Trotz allem wurde er aber doch für die höhere Schule vorgeschlagen. Nach einer mehrtägigen Selektionsprüfung wurde er in die beste dieser Schulen aufgenommen. Etwas, was nur 5% der einheimischen Kandidaten gelang. Er war der Held der ganzen Großfamilie!

Mit der Fahrt in das Internat dieser Schule endet das Buch. Sie war nicht ohne Hürden, weil die Briten inzwischen die Regeln für die Reisefreiheiten bzw. Reiseunfreiheiten geändert hatten, wovon der junge Mann nichts wusste. Letztlich fand sich aber doch noch ein Weg, sodass es zumindest für diese Episode ein Happy End gab.

* * * * *

Ansonsten gab es nicht allzu viele Happy Ends im späteren Leben. Kaum war Kenia Anfang der 1960er-Jahre unabhängig, zogen Jomo Kenyatta und Daniel arap Moi ein autokratisches Regime auf mit allem, was so dazu gehört. Unter anderem eben auch Gesinnungsterror.
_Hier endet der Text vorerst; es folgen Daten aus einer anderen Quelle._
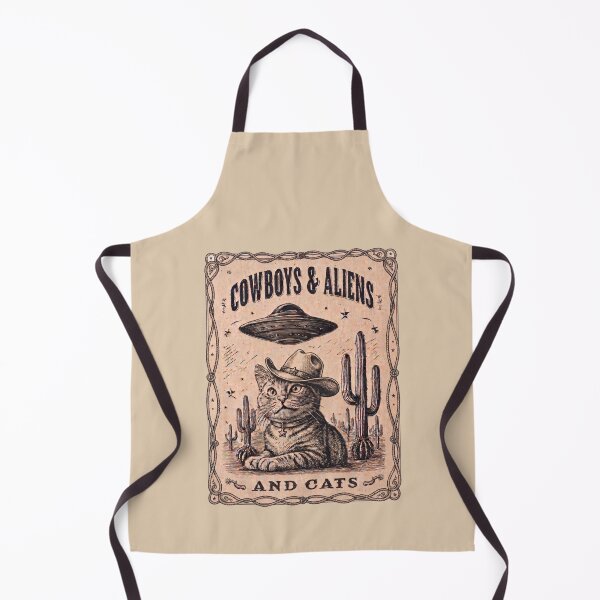 Item preview, Cowboys & Aliens And Cats - Funny Western Sci-Fi Vintage Art designed and sold by Cosmic Cactus.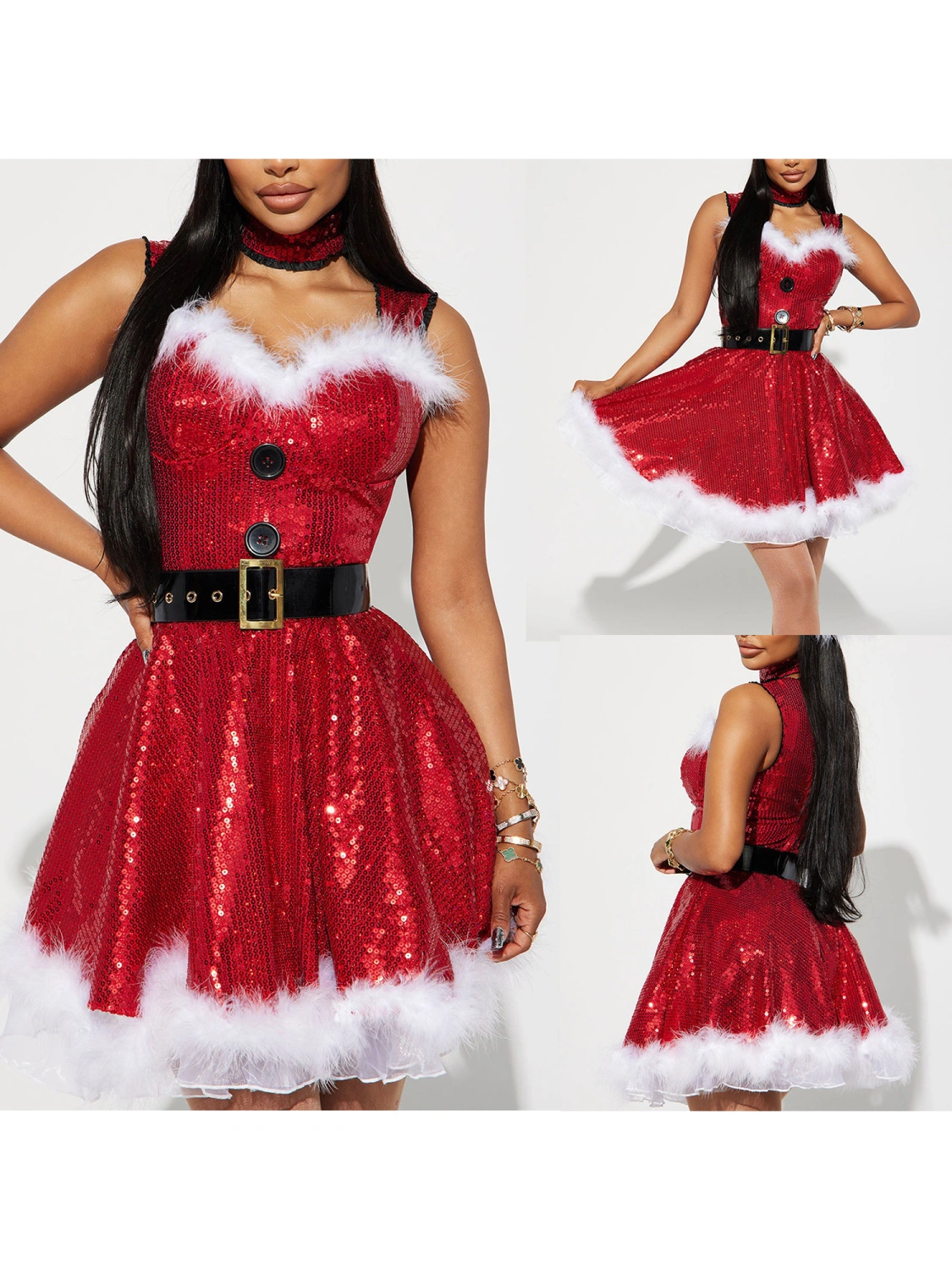 Women Christmas Costume, Sequined Patchwork Belted Slip Dress Choker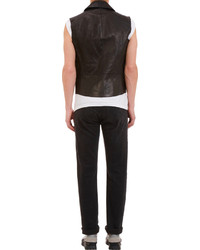 Barneys New York Multi Zip Leather Moto Vest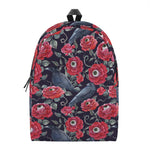 Eyeball Rose Pattern Print Backpack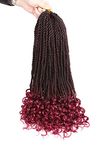 Firstcyh Hair 18, T1B/Bug# : Senegalese Twist Crochet Hair Wave Curly Synthetic Braiding Braids Hair High Temperature Kanekalon Ombre Hair Extensions 6Packs 30Strands/Pack (18, T1B/Bug#)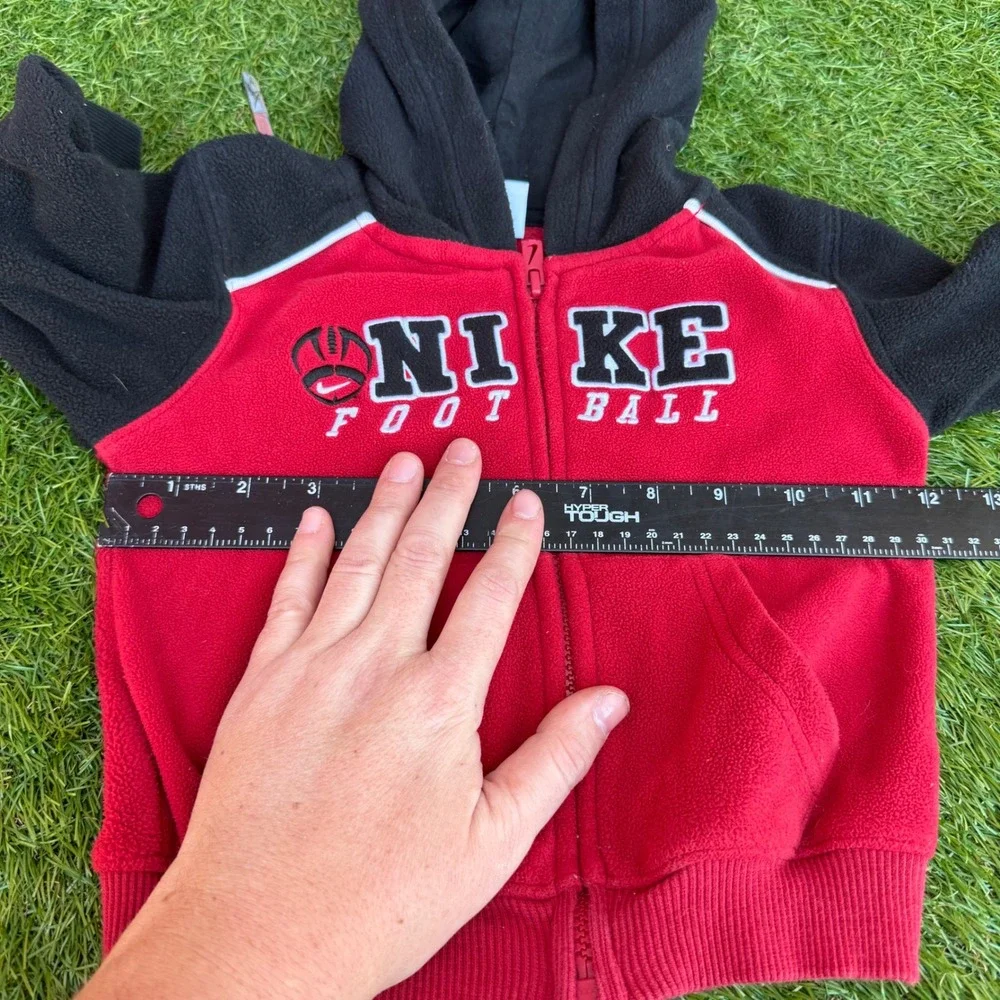 Vtg Y2K Nike Football Fleece Zip Up Hoodie Red Black White Infant Size 12 Months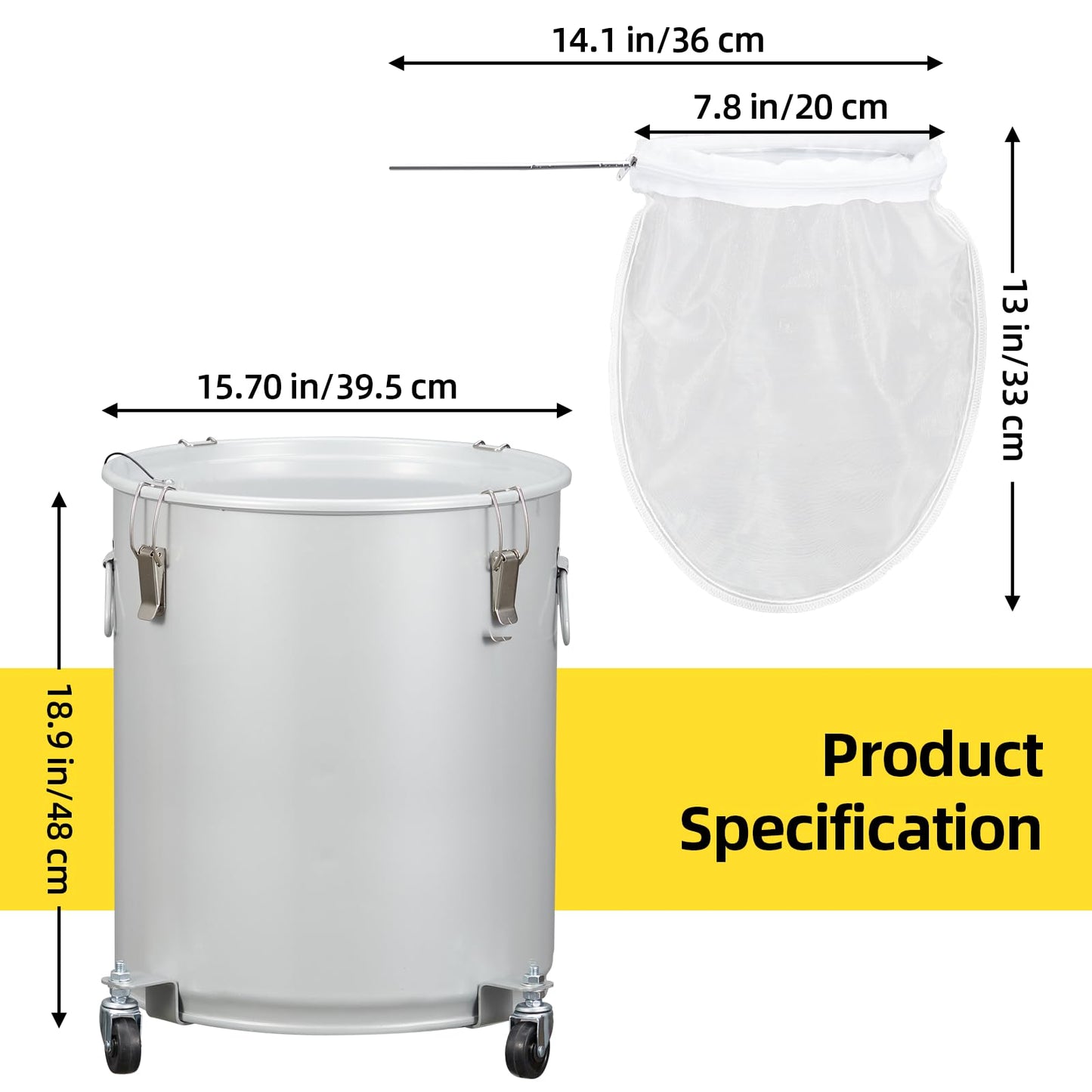 Fryer Grease Bucket 16 Gal, Coated Carbon Steel Oil Filter Pot with Caster Base, Oil Disposal Caddy, Transport Container with Lid Lock Clip Nylon Filter Bag, Silver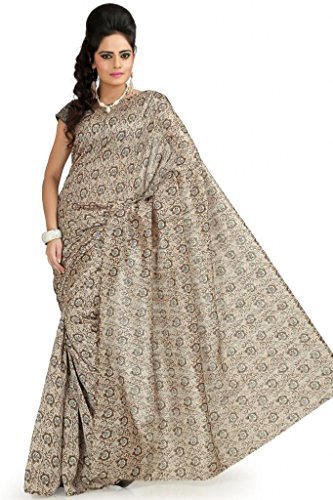 Designersareez Women's Khadi Saree Free Size Cream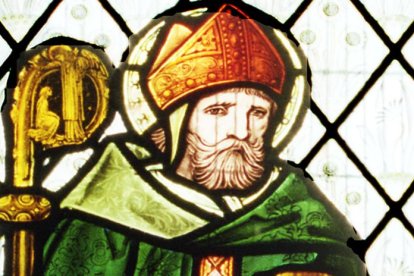 El obispo Robert Grosseteste, en una vidriera de 1896 de la iglesia de San Pablo en Morton (Gainsborough, Lincolnshire, Inglaterra).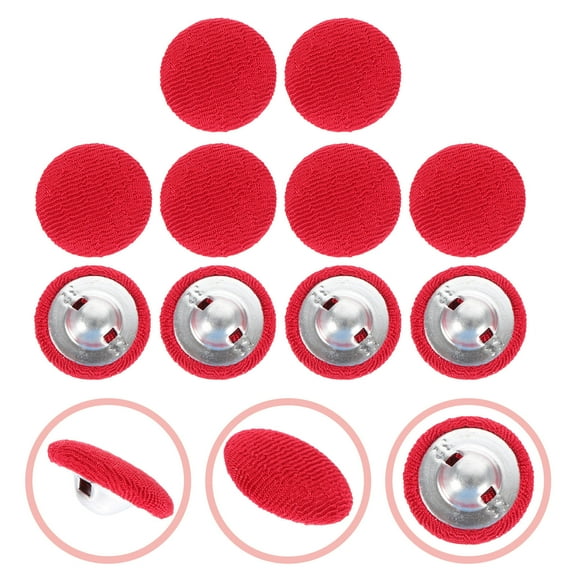 FELTECHELECTR 10Pcs Red Diy Round Buttons for Sewing and Handcraft Projects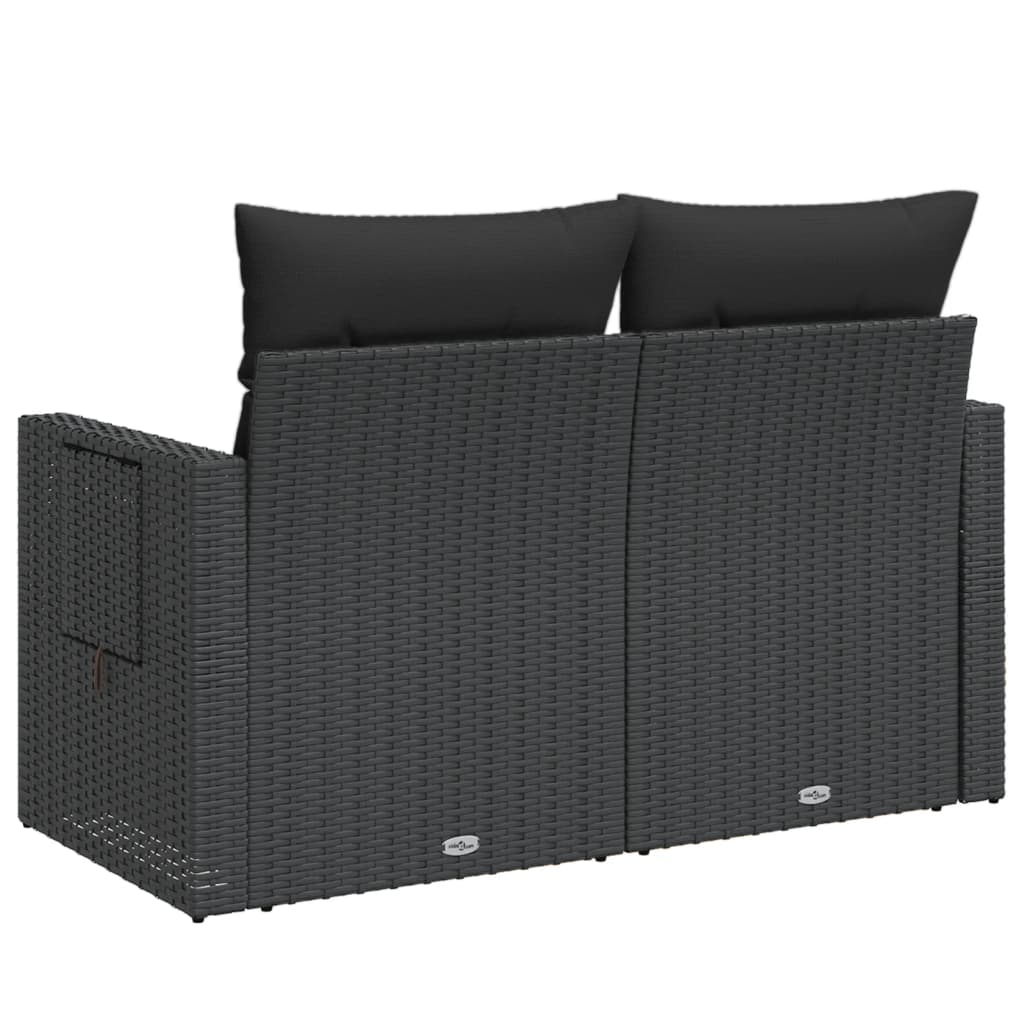 vidaXL Sofa ogrodowa z poduszkami, 2-osobowa, czarna, polirattan
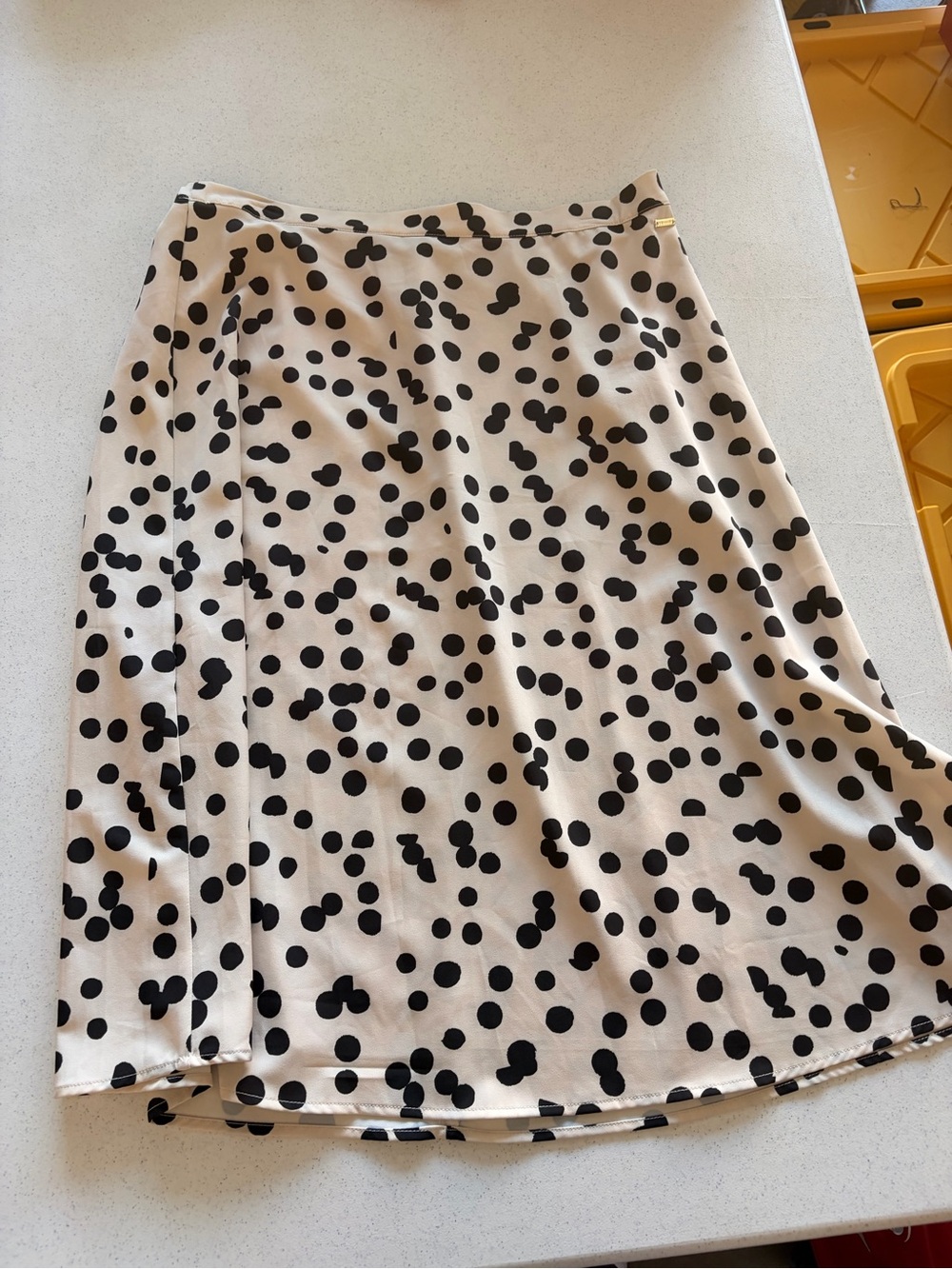Tahari Black Polka Dot A-Line Skirt on Cream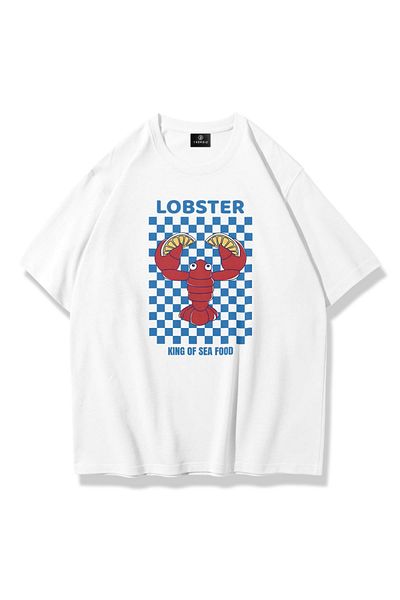Trendiz Unisex King of Sea Food Lobster T-shirt Λευκό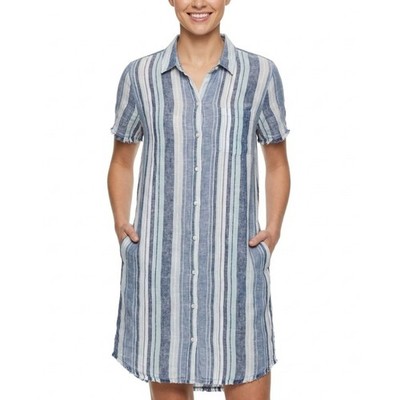 True Craft Shirt Dress Women Medium Blue Striped Linen Blend Short Sleeve Fringe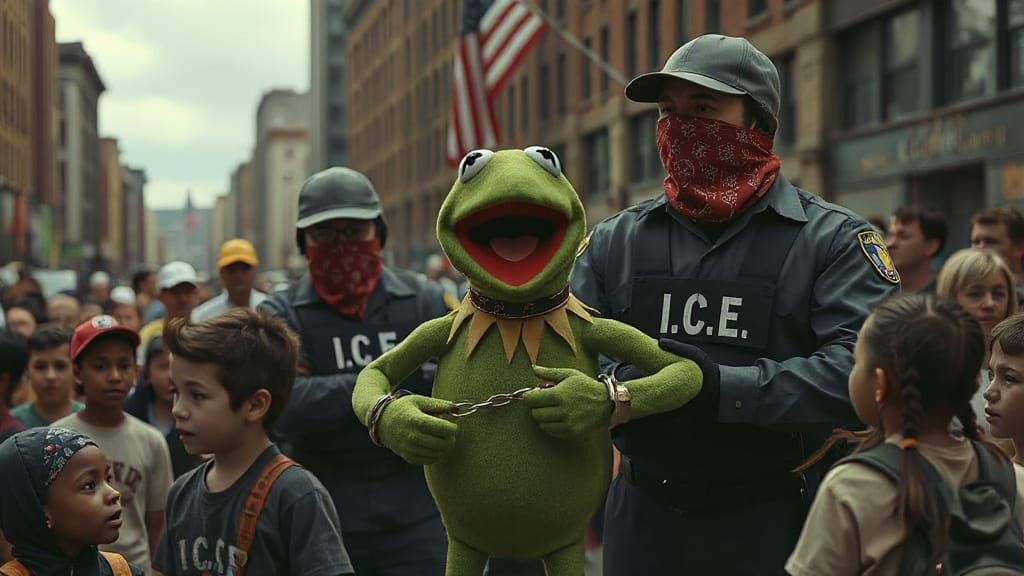 Kermit's Dystopian Arrest: A Cinematic Scene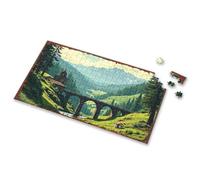 Easter Gifts For Adults Mountain Serenity: A Bridge Connecting Nature And Architecture Picture Puzzle Easter Gifts For Adults Puzzles 500 Pieces(1000PCS)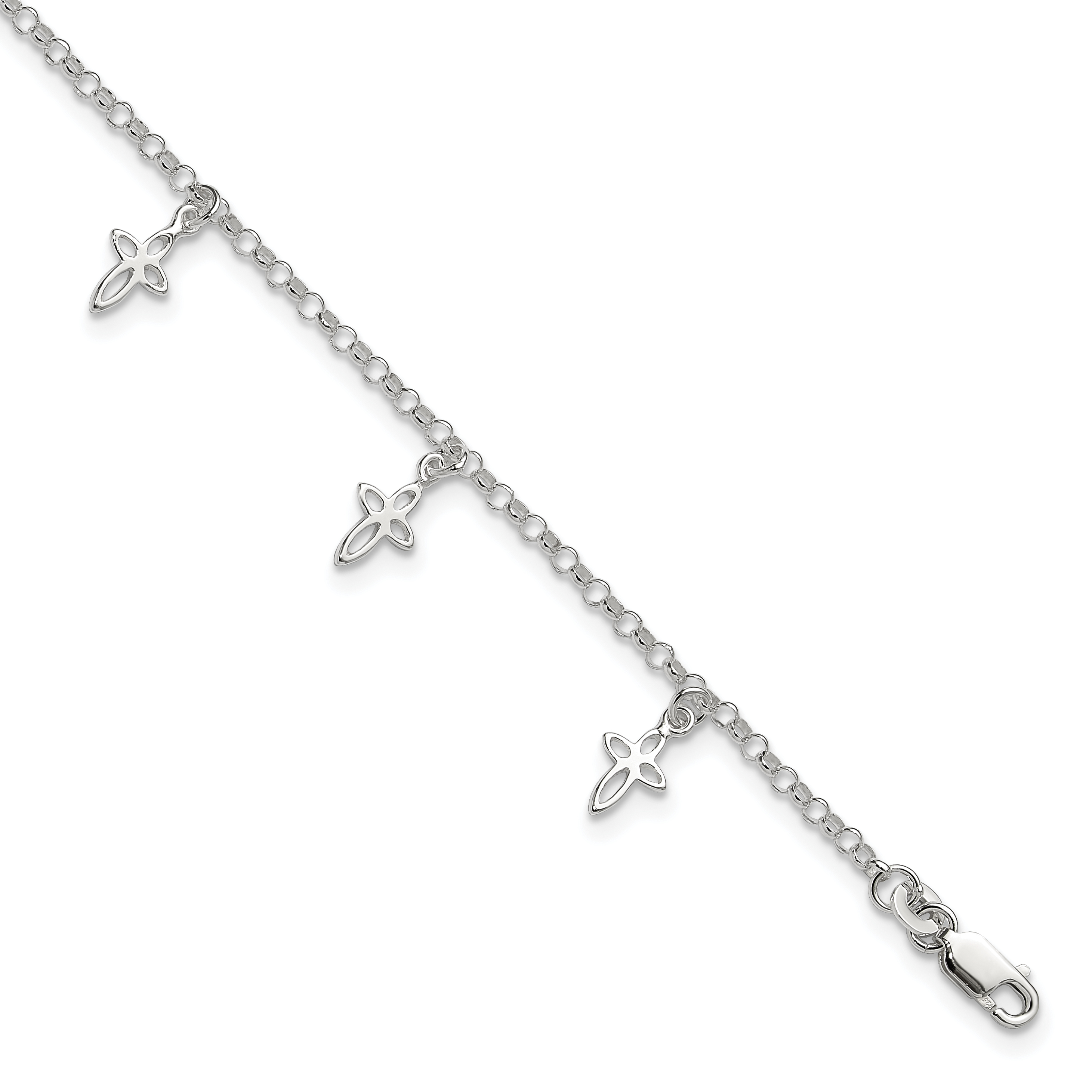 Sterling Silver 9 in Cross Anklet (QG2767-9)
Der Autor schrieb ein Theaterstück, das nicht genehm war, worauf er gleich einmal für ein Jahr im Gefängnis landete. In dieser Zeit gelang es ihm, einen Roman (Der gekreuzigte Teufel) auf Toilettenpapier zu schreiben. Kurz vor Fertigstellung wurde er ihm abgenommen, die neue Gefängnisleitung gab ihn ihm dann wieder zurück. Amnesty International ist es letztlich zu verdanken, dass er freigelassen wurde und ins Exil gehen konnte! Exil ist niemals lustig, aber es ermöglichte ihm immerhin den weiteren Weg seiner akademischen Laufbahn. In einem Interview geht er auf all das noch einmal ein.

Allein schon wegen dieses ungewöhnlichen Lebenslaufes lohnt es sich für mich, weitere seiner Bücher auf die Liste zu nehmen. Verbunden mit seinem lebendigen Schreibstil freue ich mich schon auf interessante Stunden, die ich mit seinen Büchern verbringen werde.